Top tech CEOs' advice to grads (and job-seekers of all ages)

More than 1.6 million college students are graduating this spring, according to the National Center for Education Statistics, and most are still looking to land their first full-time job. CBS News asked the leaders of three top technology companies what those eager job-seekers can do to distinguish themselves from their peers and break into a highly competitive market.

The CEOs of MakerBot and HUGE, as well as the co-founder of Reddit, agreed that the most important thing newly-minted graduates can do is prove that they are capable of generating ideas and then making them happen.

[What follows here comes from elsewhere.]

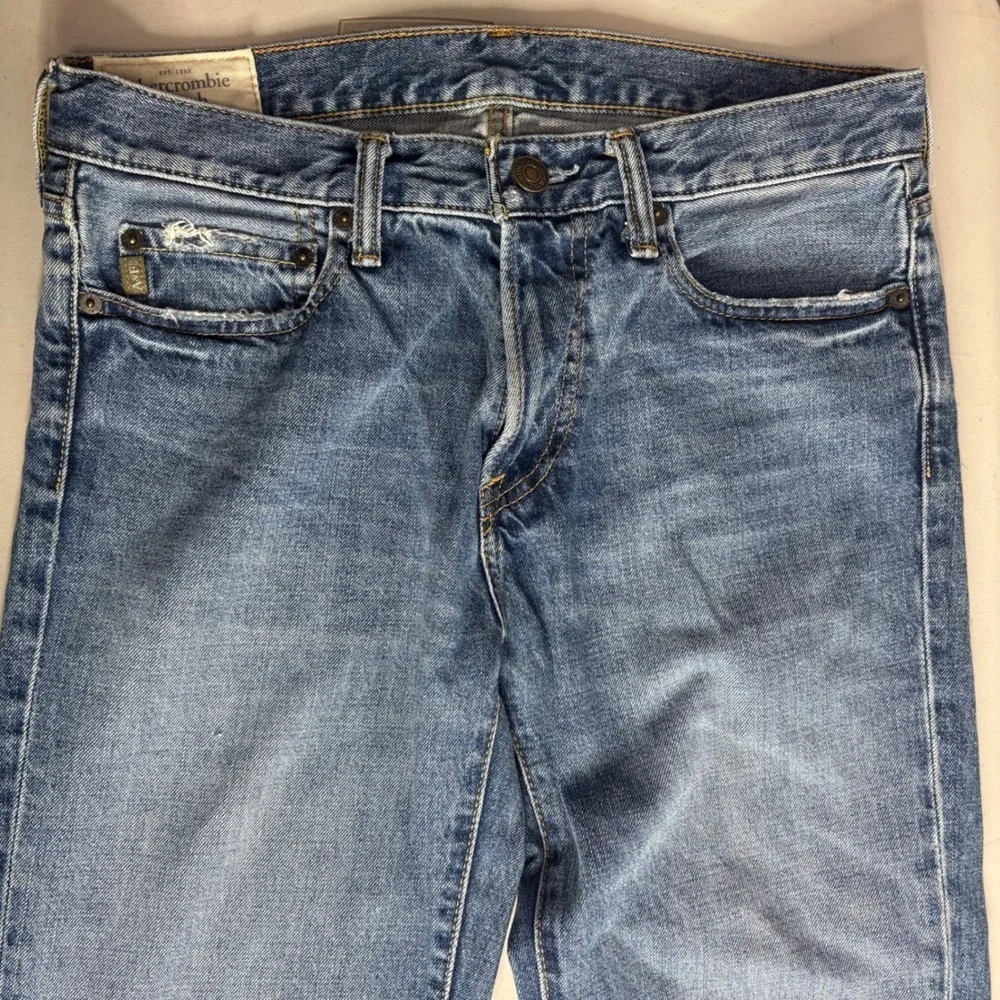 Abercrombie Fitch Mens Jeans W31 L34 Straight Leg Blue Denim Distressed Pockets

"We're looking for people who have done things," said Bre Pettis, CEO of MakerBot. "So even if you're just coming out of school, hopefully you've done something while you were in school that you can take pride in, you haven't just taken tests." He added that it could have been something you did as part of a club, sports team, extracurricular activity or even just an event planned with friends.

Reddit co-founder Alexis Ohanian seconded this advice, taking it a step further. "Let's say you want to do marketing. You could just get the internship at such and such company. Or, why even wait for their permission for that internship? Just get started, right? Find a friend of yours who wants to run a Kickstarter campaign."

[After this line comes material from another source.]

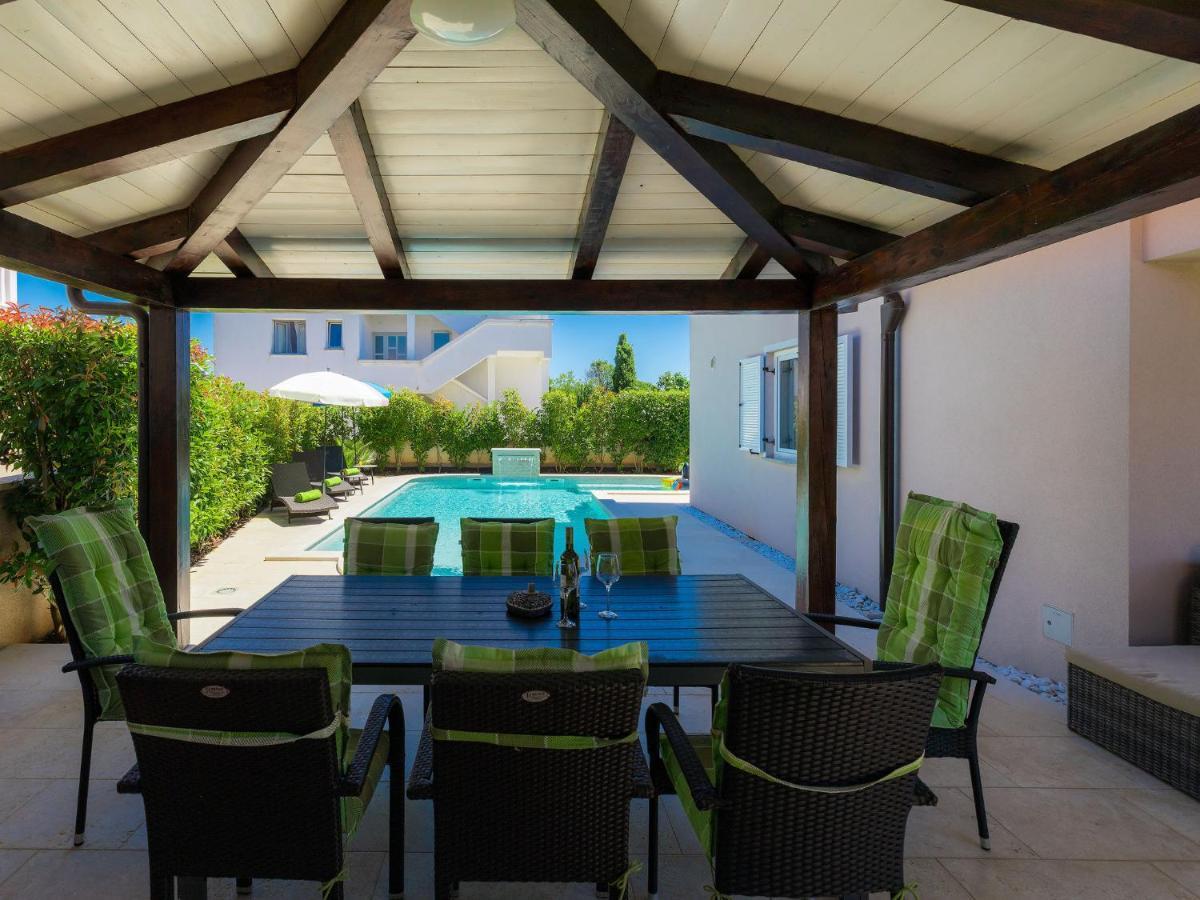 Holiday Home Villa Valentina By Interhome Loborika Exteriér fotografie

Then he advises, take the reigns of the Kickstarter campaign by offering to run the marketing for them or helping raise money. Doing so will prove to a potential employer that you're capable of "having an idea, creating a plan and executing it," he said.

"The number one thing we're looking for is smart people who really want to take risks and push the envelope and really do some of the best work in their careers," says Aaron Shapiro, the CEO of the digital agency HUGE. "If you pick a job that you're really passionate about, then you're going to be successful. That's really the most important thing."

While the career landscape has changed drastically in recent years, there is one piece of advice that Pettis says will never be outdated: write a solid cover letter.

"When we get cover letters that are just, it's clear that it's generic, then those go straight into the garbage," he said. "We look for people that are passionate, engaged, that will be a great fit. And so the first way that we can discover that is in a cover letter."

The National Association of Colleges and Employers (NACE) reports that the average starting salary for bachelor's degree candidates hired from the class of 2013 was $45,327. Starting salaries within the tech sector were above average, with engineering roles earning eight of the top 10 salaries. At $95,300, petroleum engineers earn the highest average starting salary, according to NACE's Salary Survey 2014. Computer science majors come in second, at $67,300.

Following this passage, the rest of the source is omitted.